● **Exercise description**
Transcribe the listing that follows in full, omitting pictures.

● **Recorded information**
---
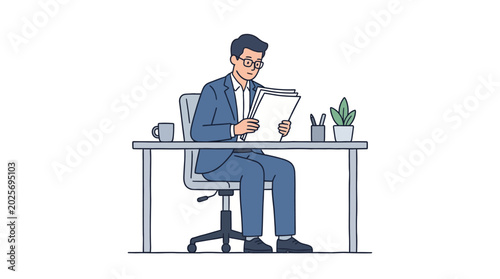 Schilderij op canvas Focused Businessman Diligently Reading Important Documents at His Office Desk, i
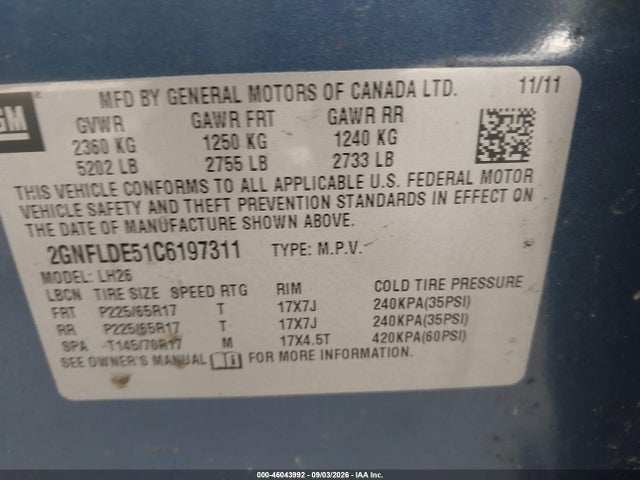 Aukcja sprzedaży 2012 Chevrolet Equinox 1lt, vin: 2GNFLDE51C6197311, numer aukcji: 46043992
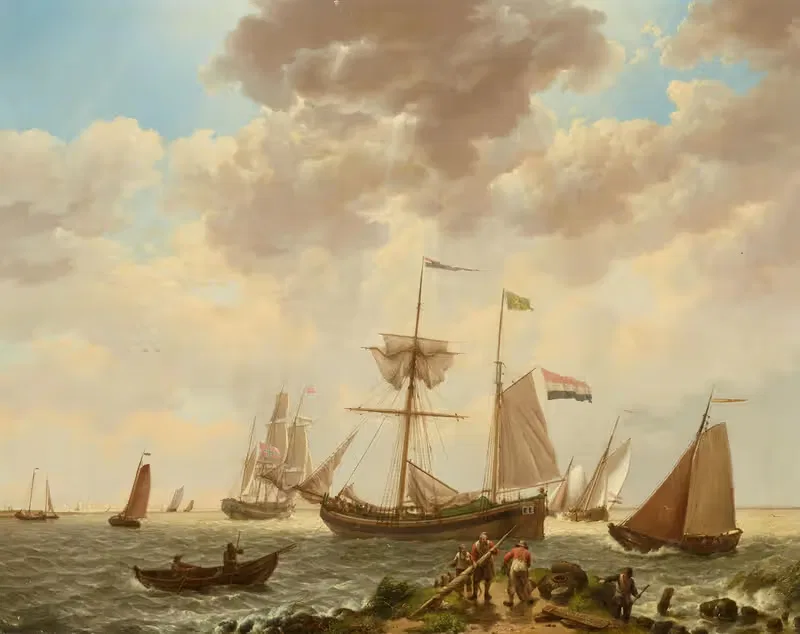 Сцена на пляже с парусниками by Иоганнес Херманус Кеккёк, 1831 — digital art print download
---
● **Worked solution**
 Schilderij op canvas Focused Businessman Diligently Reading Important Documents at His Office Desk, i
 Aukcja sprzedaży 2012 Chevrolet Equinox 1lt, vin: 2GNFLDE51C6197311, numer aukcji: 46043992
 Сцена на пляже с парусниками by Иоганнес Херманус Кеккёк, 1831 — digital art print download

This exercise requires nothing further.